A progressive conservative candidate for a seat in the New Brunswick legislature is facing calls for her to withdraw from the campaign after comparing protections for 2SLGTBQ+ students to the systematic taking of Indigenous children from their parents to place them in residential to install schools.
Sherry Wilson said the federal system of forcing tens of thousands of First Nations, Inuit and Métis children into schools “was only allowed to happen because children attending school were isolated from their parents’ supervision, input and influence. ”
She suggested there was a parallel between that policy and the province’s original Policy 713, which allowed 2SLGBTQ+ students to adopt names and pronouns at school without their parents’ knowledge.
“We cannot afford to repeat the tragic mistakes that destroyed the lives of thousands of Indigenous families,” Wilson, the PC candidate in Albert-Riverview, wrote in the statement on social media.
“Therefore, I am determined to keep the parents of minor children aware and involved in the development of their children while they are entrusted to our government schools.”
The post was removed from Wilson’s Facebook page Tuesday morning.
The PC government last year amended Policy 713 to require parental consent if students under 16 want to adopt new names and pronouns consistent with their gender identity.
PC leader Blaine Higgs has described the issue as parents having a right to know what is happening in their children’s lives, saying at one point last year that “children are taught to lie to their parents.”
But Higgs said during a campaign stop Tuesday morning that there was no parallel between the “trauma” of residential schools and the current policy debate, and that the post “missed the point.”
“There is no comparison,” he said.
Chief Terry Richarson of the Pabineau First Nation urged Higgs to remove Wilson as the PC candidate.
“This woman should not be allowed to run for the Conservative Party of NB,” he wrote in a Facebook post.
“Prime Minister Higgs, you must ensure that this woman withdraws immediately. … Shame and shame on you for celebrating on this day dedicated to the memory of those children who were murdered for their beliefs!!”
Six Wolastoqey chiefs also made the call in a statement issued on Tuesday.
Higgs said he would not remove Wilson because she retracted the post.
He said it was not written by anyone from the PC campaign and that the party’s position on residential schools was reflected in his own post on Monday, in which he spoke of the “deep wounds” inflicted on those who joined the system were forced and their descendants.
The PC campaign did not respond to a CBC News request for an interview with Wilson.
Richardson said in an interview that removing the post was “one step” but said Higgs should apologize to Indigenous people and arrange training for his candidates on the history of residential schools.
The Truth and Reconciliation Commission of Canada called the residential school system “a systematic, government-sponsored effort to destroy indigenous cultures and languages and assimilate indigenous peoples so that they no longer existed as separate peoples.”
The goal, the commission said, was “cultural genocide.”
Wilson, the minister for mental health and addictions in the PC government, posted the statement on Monday, National Truth and Reconciliation Day.
Another PC candidate, Rob Weir of Riverview, liked it with a heart emoji.
Tuesday is the deadline for candidates to register with Elections New Brunswick, so removing Wilson as a candidate could leave the PCs without anyone on the ballot in Albert-Riverview.
Liberal Leader Susan Holt also criticized Wilson’s comparison.
“Secretary Wilson’s statement is completely disrespectful and inappropriate,” she said in a statement.
“It clearly shows its lack of understanding of basic history and is yet another example of this government’s lack of respect for First Nations.”
Holt said it was up to Higgs whether Wilson should be ousted as the PC candidate.
“He has certainly kicked people out of his Cabinet and caucus if they disagreed with him,” she said by email.
Green candidate Megan Mitton called on Wilson to apologize and Higgs to denounce the statement.
“This is abhorrent, indefensible and completely wrong,” she said in a post on X.
Wilson not the first
Wilson is not the first progressive conservative to draw the parallel between policies protecting 2SLGBTQ+ children and the residential school system.
Hampton-Fundy-St.
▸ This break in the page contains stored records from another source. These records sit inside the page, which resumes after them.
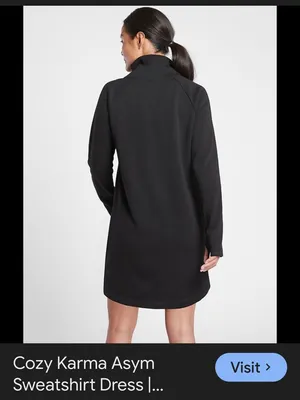 Athleta Cozy Karma Asym Fall Sweatshirt Dress Black Yoga Athleisure M thumbnail 2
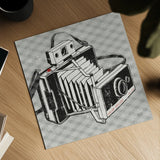 Vintage Analog Camera Gingham by Michael Mullan. Shown as a detailed flat fine art print, highlighting archival giclee quality. Available as an archival giclee rolled canvas, fine art paper, or poster print. SKU 51023a.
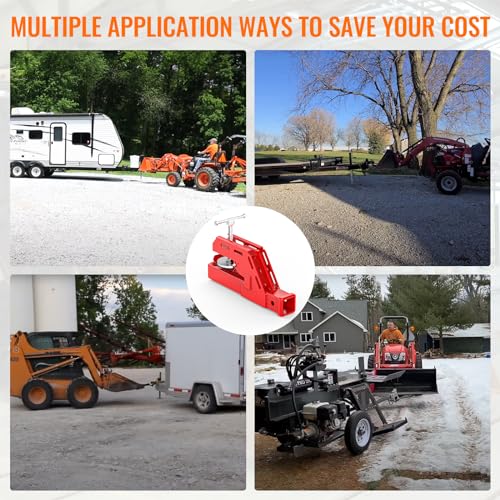 Tractor Bucket Hitch Receiver with Non-Slip Pad, 2" Ball Mount Receiver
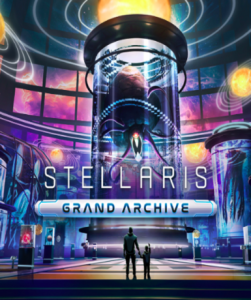 Stellaris: Grand Archive DLC cover art available on Steam, featuring new galactic mysteries.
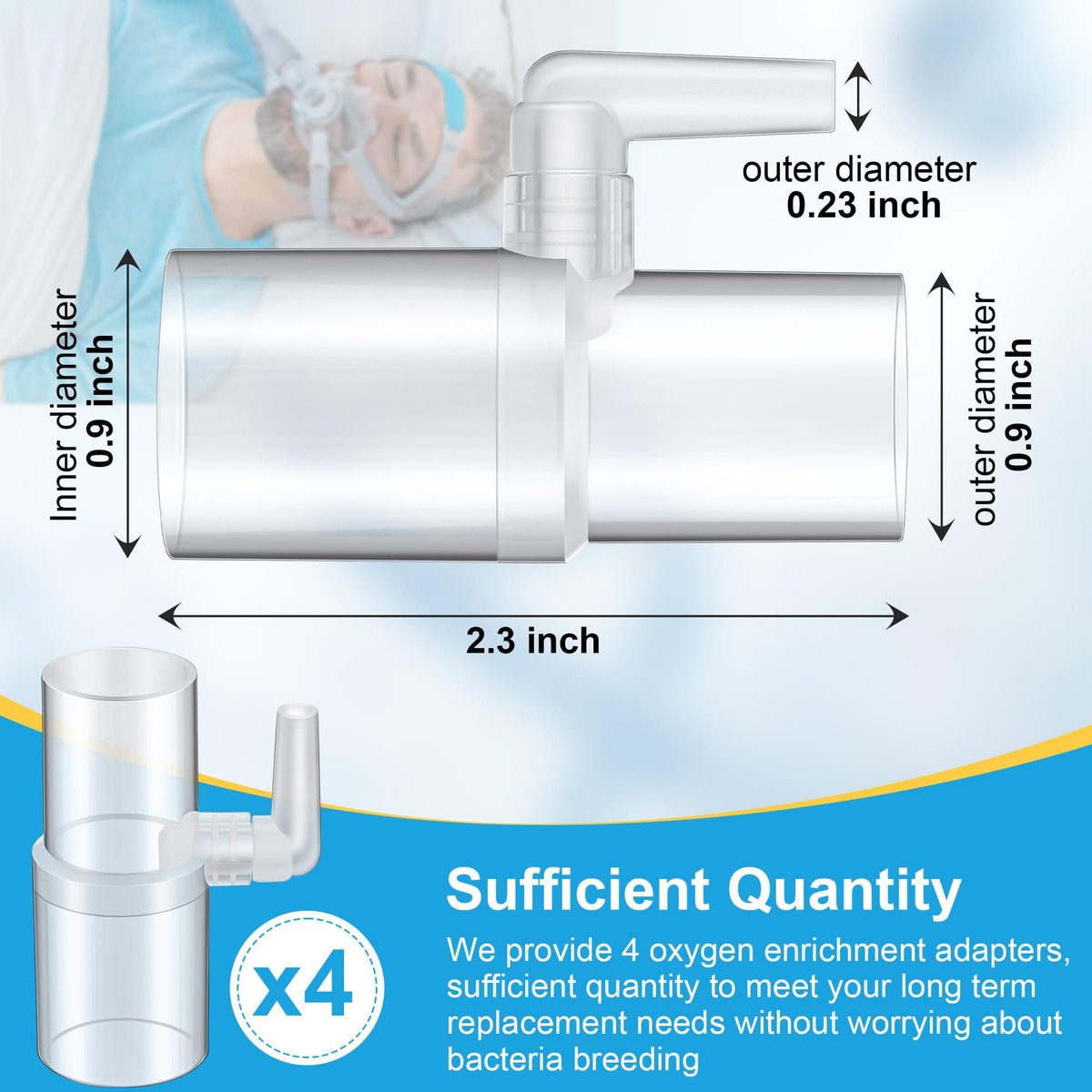 Qiyaz 4er-Pack Sauerstoffanreicherungsadapter, Sauerstoffadapter-Anreicherungsanschluss für CPAP-Schläuche, medizinischer Universal-CPAP-Schlauchverbinder kompatibel mit beheizten und unbeheizten Schläuchen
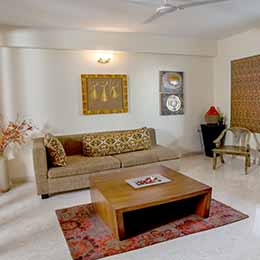 Common Dining Area: Common dining area with exquisite hand-crafted furnitures at Concord Casablanca Serviced Apartment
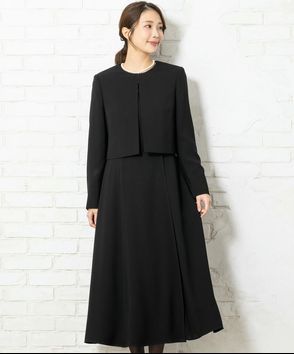 CARETTE; カレット　ノーカラーショート丈ジャケット&ラップ風エレガントワンピース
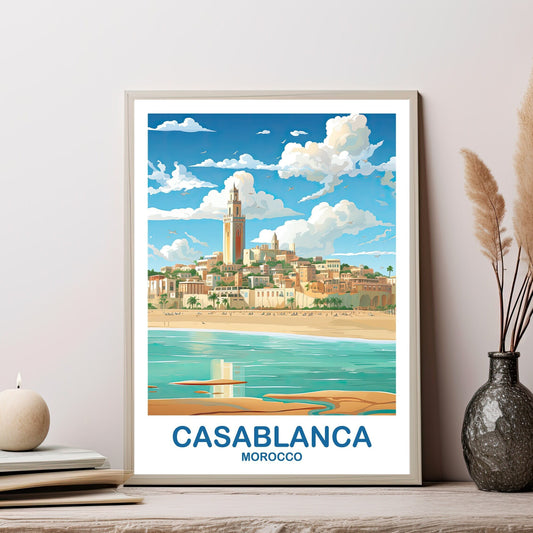 Casablanca Travel Wall Art, Morocco Skyline, City Skyline Wall Art, Travel Wall Art, Africa Travel Art Casablanca Morocco Art | T2AF_MOCA1
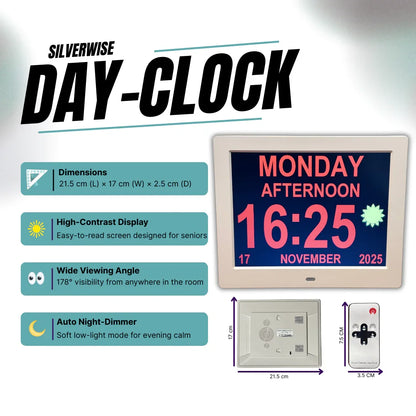 High-contrast digital day clock for seniors with large time, date, and day display, remote shown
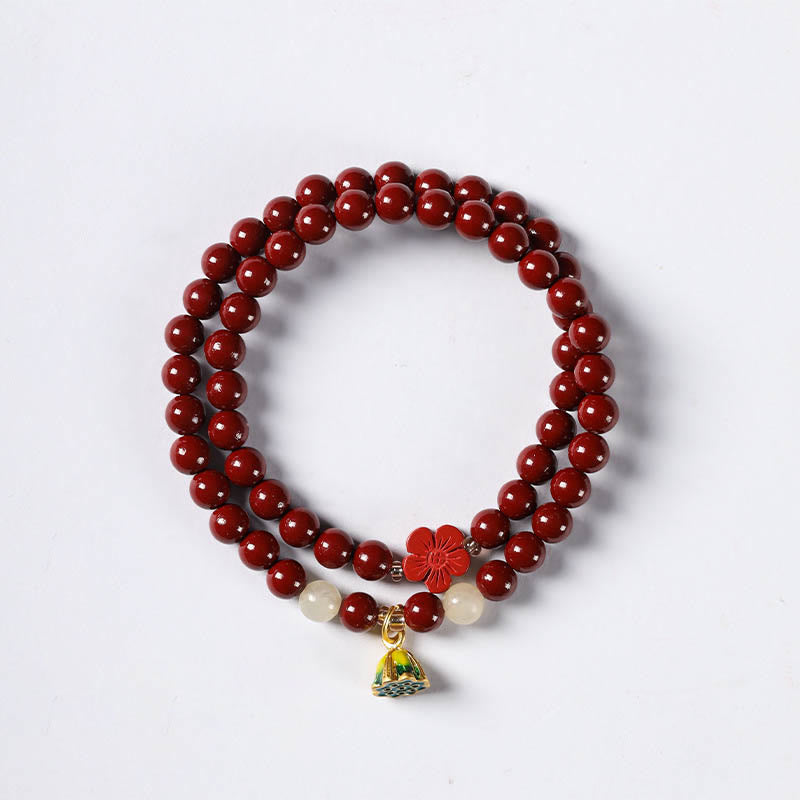 Bransoletka z podwójnym owinięciem i błogosławieństwem Buddha Stones Cinnabar Lotus Charm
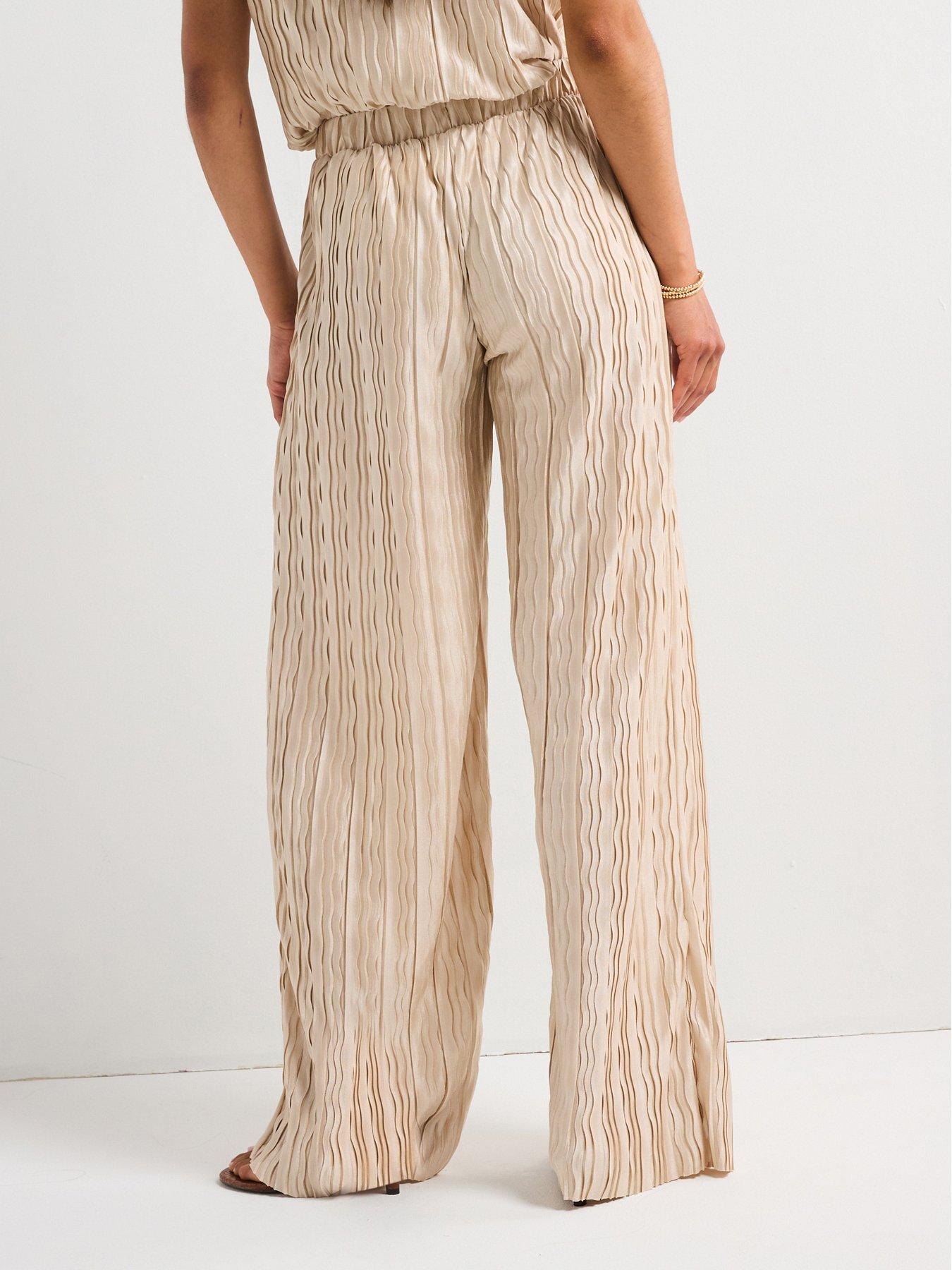 Image 2 of 5 of V by Very Tie Front Textured Top Co-Ord - Nude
Martins candidate Faytene Grasseschi made the comparison as a Christian conservative activist before becoming a PC candidate last year.
She told CBC News in a July 2023 interview that it was an Indigenous parent who first told her there was a parallel.
“It’s an ideology. It is a mentality that says the children belong to the government, not to the family, not to the parents,” she said.
Grasseschi acknowledged that the potential consequences of the original Policy 713 were not as serious as children being taken hundreds of miles from their families and losing their indigenous language and culture.
“When it comes to children actually being physically taken to another person, yes, absolutely,” she said. “But I think the point was that it is an ideology.”